Neil Patrick Harris’ “Choose Your Own Adventure” autobiography doesn’t come out until October, but you can pre-order it now if you’re so inclined. He’s also posted the first lengthy excerpt from the autobiography online, and the “Choose Your Own Adventure” aspect of it is more just a way to write the novel from a cheeky second-person point of view (it’s not as though you will actually be flipping from one section to others in search of Neil Patrick Harris’ underwear, although that’d be fun, too).
I read the excerpt, and it’s fun. Much of the excerpted portion deals with that early 90’s era when Neil Patrick Harris was still mostly thought of as a child-star and referred to in public as “Doogie.” There was a lot of lazing about, a lot of partying, and a lot of hanging out with other similarly aged child-stars, like Shannen Doherty (who NPH suggests became the bratty, glass-throwing pain-in-the-ass described in the tabloids in order to live up to that reputation). There was not a lot of alcohol and drugs for NPH, however, because alcohol dulled him, and cocaine and heroin were too destructive to appeal to him.
Among the stories he shared in this excerpt, however, was the loss of his hetero-virginity, which came during that time. It was not a particularly pleasant experience for him (or her, for that matter):
And here is another strike against you in the party scene, perhaps the biggest of all: you are the world’s ﬁrst and only Doogiesexual. Wherever you go in public you are reminded of this bizarre meta-reality. Every single woman you meet at clubs thinks of you as Doogie. More often than not, they call you that. You do occasionally parlay your doppelganger into some action. The loss of your hetero virginity dates to this time, a squalid, four-and-a-half-minute limp-dicked affair that was the direct result of one of the girl’s friends daring her to sleep with Doogie. (Given the quality of your performance, the dare could not possibly have been worth it.)
But for the most part your encounters with women are not so much ﬂirtations as bemused interrogations of a ﬁctional doctor. Your actual sexual identity at this time is a mystery, even to you. Especially to you. It’s not that you’re suppressing anything; you haven’t even evolved to that point. You’re not aware of anything. You know that Doogie is playing wingman for you, but you have no idea he is also your inner beard.
The better story, however, was the time where he almost got beat up by Scott Caan, whose ex-girlfriend — Eden Sassoon (daughter of Vidal) — NPH was dating. Despite the fact that Caan and Sasson had been broken up for over a year, Caan still threatened to beat NPH up for moving in on his territory. Caan at the time was in the cast of Broadway’s Newsies, and he approached NPH outside a club.
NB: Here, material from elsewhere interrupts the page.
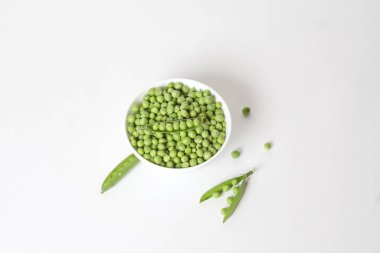 Beyaz arka planda izole edilmiş yeşil bezelyeler. Üst Görünüm.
I’ll let NPH take it from here:
What’s up with the West Side, yo? What’s up with the West Side, yo? What’s up with the West Side, yo?”
You are terriﬁed and confused. Is this some sort of rap lyric? Children’s book verse? A government code for an invasion of Palestine? None of the above: it turns out that Scott is in “the West Side Crazies.” Is this a real gang? You’re not sure; your knowledge of thug life is not what it should be. To you it seems like a self-styled group of young hooligans comin’ straight outta Brentwood. This is a thing now: young stars who’ve grown up deprived of deprivation trying to transform themselves into street toughs by forming “”gangs”” so devoid of street cred it’s necessary to put the words in two sets of quotes. Again, pardon your ignorance—maybe these are real-life dangerous people—but you can’t help but wonder: What kind of criminal activity are they engaged in? Script laundering? Agent smuggling? Massive miscasting? Who knows? In your eyes, they think they have a posse when what they really have is a pose.
Anyway, Scott Caan’s dope-ass posse is named The West Side Crazies, and if you can extrapolate from him, his fellow street thugs are probably also the sons of famous actors. (Jake Busey? Kiefer Sutherland? Ed Begley Jr. Jr? Surely people like that.) And now, in defense of his honor and that of his gang, Scott Caan, whose father famously beat Carlo Rizzi to within an inch of his life in The Godfather, is repeatedly asking “What’s up with the West Side, yo?” and bumping his chest into yours, like some mighty ram bumping his horns against a small nerdy kid’s chest. Eventually your acerbic mind comes up with a simple, devastating response.”I don’t know, Scott. What is up with the West Side?”
The “fight” eventually fizzled out, as Caan began “acting like he desperately wants to take a swing at you if only his friends weren’t holding him back. Only it takes them a few seconds to intervene, so he has to improvise looking like he’s being restrained.”
Caan and NPH have since become friendly, but Caan never brought the subject up again.